Ray Stockton, 47-years volunteering at the Minidoka County Historical Society Museum in near Rupert, Idaho.

By DIANNA TROYER

Donations of priceless family heirlooms become dazzling displays at the Minidoka County Historical Society Museum near Rupert in southeastern Idaho, where volunteer Ray Stockton builds displays for them.

“Visitors have told me they can’t believe what we have here at the museum in a small town like Rupert,” said Stockton, 84, a museum volunteer since 1974. “We really do have some amazing exhibits.”

During the past four decades, Stockton has seen displays expand steadily to showcase life around the Rupert area, from prehistoric to colonial and modern times. Fossilized mammoth molars and giant bison horns are remnants of prehistoric creatures that roamed the region about 30,000 years ago. A gleaming pocket watch was owned by Benjamin Franklin. A colorful pristine quilt was hand stitched in 1819 and brought to the United States by adventurous British immigrants.

The fossils and watch came from the estate of Sam Osgood Jr. of Rupert in 2004.

“He wanted to share what he had with the community,” Stockton said.

He said he has documentation verifying the watch’s authenticity. It was a gift and token of appreciation from Franklin, postmaster general of the Continental Congress, to Samuel Osgood, who was appointed by George Washington to be the first postmaster general of the United States in 1789. Samuel Osgood started a family tradition of passing on his name, as well as the watch, to his descendants, until, several generations later, Sam Osgood Jr. owned it.

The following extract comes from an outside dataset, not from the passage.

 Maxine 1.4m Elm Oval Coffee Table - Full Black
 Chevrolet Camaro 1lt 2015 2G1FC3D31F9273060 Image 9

Sam’s father, an amateur paleontologist, also collected prehistoric bones and fossils. In the early 1950s, county workers were digging in the Acequia gravel pit near Rupert and discovered the remains of mammoths and giant bison. He gathered them up and saved them for future generations to appreciate.

Whatever historic items come to the museum at 99 East Baseline Road, instead of seeing rust and dust, Stockton envisions them restored and in a dazzling display. A talented carpenter, artist, and musician, he has made the museum his second home after a friend, who was the historical society president, invited him to help out.

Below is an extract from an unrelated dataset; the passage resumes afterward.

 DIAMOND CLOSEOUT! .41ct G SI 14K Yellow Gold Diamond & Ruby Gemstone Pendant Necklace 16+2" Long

“I’m the type who has to stay busy,” said Stockton, who retired from running a local RV business with his wife, Jean. “I spend eight to 10 hours a day here and love every minute of whatever I’m doing.”

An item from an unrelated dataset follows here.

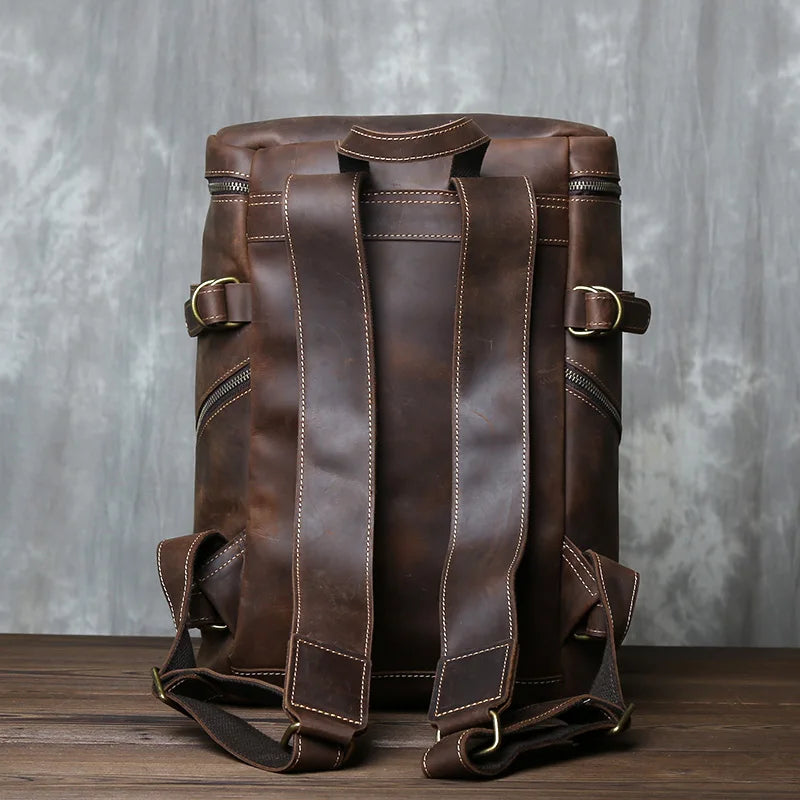 Retro Leather Vertical Backpack | Large Capacity Travel Bag for Men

His creativity and commitment to the museum is deeply appreciated, said Anne Davis Schenk, a past acting vice president of the museum board.

“I can’t begin to tell you how much he has contributed to the museum,” she said. “His work on displays has been outstanding as well as his contributions to the board of directors. He has an eye for what a display should look like and what historical value it might have to Minidoka County.”

Stockton has even donated his own collections—horse tack used in a livery and more than 1,000 different types of glass bottles and jars that homesteaders once used. He found many of the jars and bottles throughout Idaho’s backcountry at old mines and homesteads.

“The Mason Company made about 350 types of canning jars of all sizes and colors,” he said.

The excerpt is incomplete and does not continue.